== PROVIDED MATERIAL ==
________________________________________
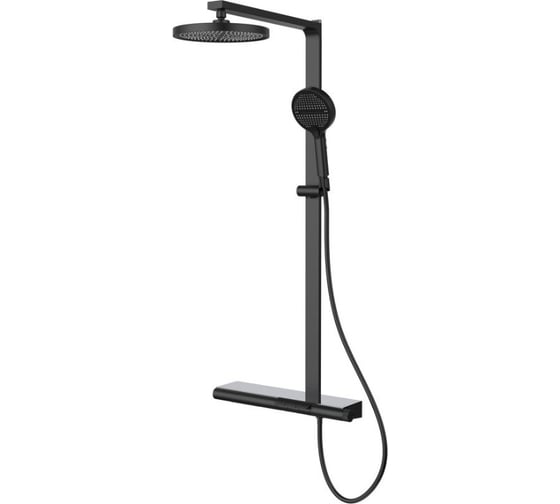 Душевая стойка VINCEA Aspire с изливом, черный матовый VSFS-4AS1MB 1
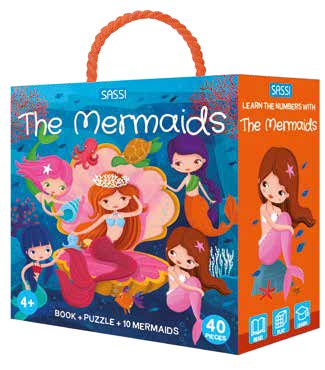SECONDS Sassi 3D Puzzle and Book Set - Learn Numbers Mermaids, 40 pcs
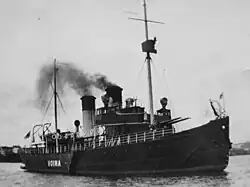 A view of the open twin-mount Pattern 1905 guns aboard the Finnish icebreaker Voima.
________________________________________
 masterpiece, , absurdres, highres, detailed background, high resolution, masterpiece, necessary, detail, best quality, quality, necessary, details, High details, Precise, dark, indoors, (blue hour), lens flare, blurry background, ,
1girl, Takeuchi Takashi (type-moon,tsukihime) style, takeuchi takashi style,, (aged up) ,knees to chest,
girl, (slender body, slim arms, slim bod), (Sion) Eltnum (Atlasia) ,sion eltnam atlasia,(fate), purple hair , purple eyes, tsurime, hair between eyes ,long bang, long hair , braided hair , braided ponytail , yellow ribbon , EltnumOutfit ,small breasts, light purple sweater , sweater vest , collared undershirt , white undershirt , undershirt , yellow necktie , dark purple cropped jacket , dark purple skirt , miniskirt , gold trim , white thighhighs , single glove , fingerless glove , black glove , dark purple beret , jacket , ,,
________________________________________
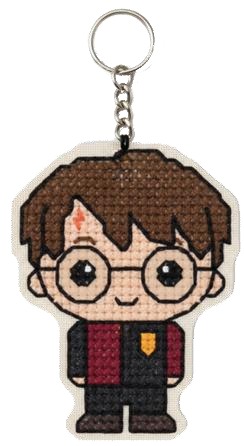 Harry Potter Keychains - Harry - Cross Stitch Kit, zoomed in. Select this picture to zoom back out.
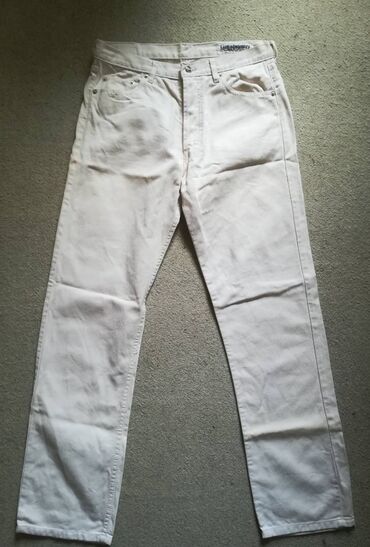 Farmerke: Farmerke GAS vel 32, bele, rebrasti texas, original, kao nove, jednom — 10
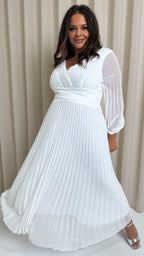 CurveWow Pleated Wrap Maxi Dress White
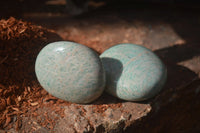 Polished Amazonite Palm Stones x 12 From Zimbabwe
________________________________________
== TASK TO COMPLETE ==
Output exactly, and only, the lines of the entries above from the one with "Душевая стойка VINCEA" up to and including the one with "A view of the"; pictures are to be left out.

== RESPONSE FOR THIS EXERCISE ==
 Душевая стойка VINCEA Aspire с изливом, черный матовый VSFS-4AS1MB 1
SECONDS Sassi 3D Puzzle and Book Set - Learn Numbers Mermaids, 40 pcs
 A view of the open twin-mount Pattern 1905 guns aboard the Finnish icebreaker Voima.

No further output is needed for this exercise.